Биография диссидента — это своеобразный диалог с властью, реплики в котором берутся из определенного тезауруса, стихийно сложившегося к концу 1960-х. Для самого диссидента это — «парадигма протеста»: подпись под правозащитной петицией, текст, обращенный к отечественной или международной общественности, пресс-конференция для зарубежных корреспондентов, участие в митинге. Власть, в свою очередь, прибегает к «парадигме репрессии»: слежка, гласные и негласные обыски, увольнение с работы или исключение из вуза, вызов на допрос, арест, суд, лагерь или психиатрическая больница. Когда диалог достигает этой стадии, в дело идет специфический синтаксис борьбы в неволе: голодовка — карцер — голодовка — перевод на тюремный режим — голодовка — новое следствие и новый срок
— А в чем суть этого диалога?
— Спор о гражданской ответственности.
— Почему же, когда началась перестройка, среди демократов, пришедших к власти, собственно диссидентов не оказалось? В правительстве, в близости к президенту?

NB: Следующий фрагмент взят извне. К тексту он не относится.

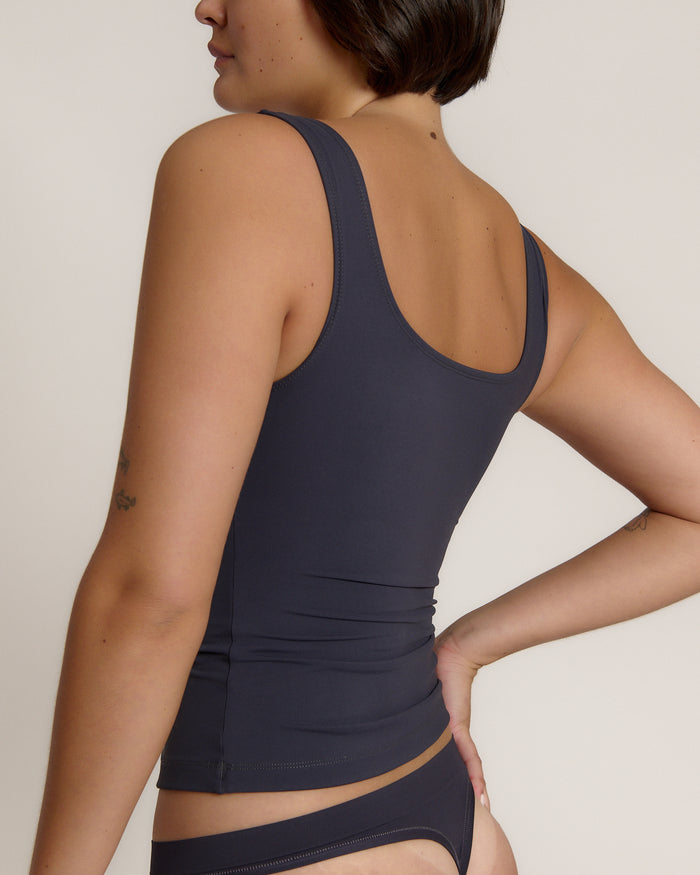 A woman modeling a myst scoop-neck tank top and a matching thong against a plain light gray studio background.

— По моим наблюдениям — не столько потому, что их «не допустили к власти», но, главным образом, потому, что они сами туда не особо рвались. Там ведь надо заниматься политикой, а подавляющему большинству из них это было абсолютно чуждо и неинтересно. Они в свое время «моделировали» не политическую жизнь в узком смысле слова, не борьбу за власть, а гражданскую активность. Между прочим, во всех порожденных ими политических проектах не оказалось ни одного, в котором бы досконально, шаг за шагом конструировалось переустройство государства. Конституционный проект Сахарова — замечательно красивый, но слишком глобальный для конкретной политики. Российские диссиденты «родом» не из политики, а из интеллектуальной, в первую очередь, культурной жизни; а отторжение политики — характерная черта российских интеллектуалов. Кстати, в странах Прибалтики, на Украине, в Грузии, в Армении, где национальные диссидентские движения были существенно более политизированы, присутствие бывших диссидентов в современной политике гораздо заметнее; не говоря уж о Польше или Чехии.

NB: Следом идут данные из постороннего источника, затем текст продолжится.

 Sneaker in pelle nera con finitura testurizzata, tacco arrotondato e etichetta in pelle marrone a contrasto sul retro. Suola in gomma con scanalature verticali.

— Но, в конечном счете, идея права, как такового, и даже идея прав человека в общественном сознании так и не укоренилась?
— Думаю, к середине 1980-х диссидентам удалось все-таки внести в массовое сознание и некое представление о правах человека, и идею гражданской ответственности. Но — как абстрактные ценности («дверь — имя существительное»); эти же ценности в качестве нормы гражданского поведения («дверь — имя прилагательное») оказались готовы воспринять немногие.
Мне кажется, принципы диссидентов — гласность, отторжение насилия, права человека, гражданская ответственность — были востребованы, главным образом, в годы горбачевской перестройки; но каждая из этих позиций была востребована разными группами и слоями общества по-разному. Основным медиатором этих принципов были либеральная интеллигенция, гуманитарии и естественники, то есть «ближний круг» классического диссидентства. В 1987 — 1991 годы именно эта группа бывших читателей «Хроники», почитателей Сахарова и Амальрика, хранителей (а иногда и анонимных авторов) самиздата поставляла обществу властителей дум: публицистов, деятелей «демократического движения», лидеров Московской трибуны и других радикально-демократических клубов, первых вождей «Демократической России». К этим «буревестникам» (таким, как Леонид Баткин, Юрий Карякин, Алесь Адамович) прислушивалась основная масса интеллигенции, рабочие лидеры в провинции и, до некоторой степени, «прорабы перестройки» — деятели горбачевской администрации. Что касается «всего населения», то трудно сказать, что из «даров свободы» это самое большинство готово было пусть пассивно, но поддержать, что просто принимало как данность, а что — скрепя сердце терпело.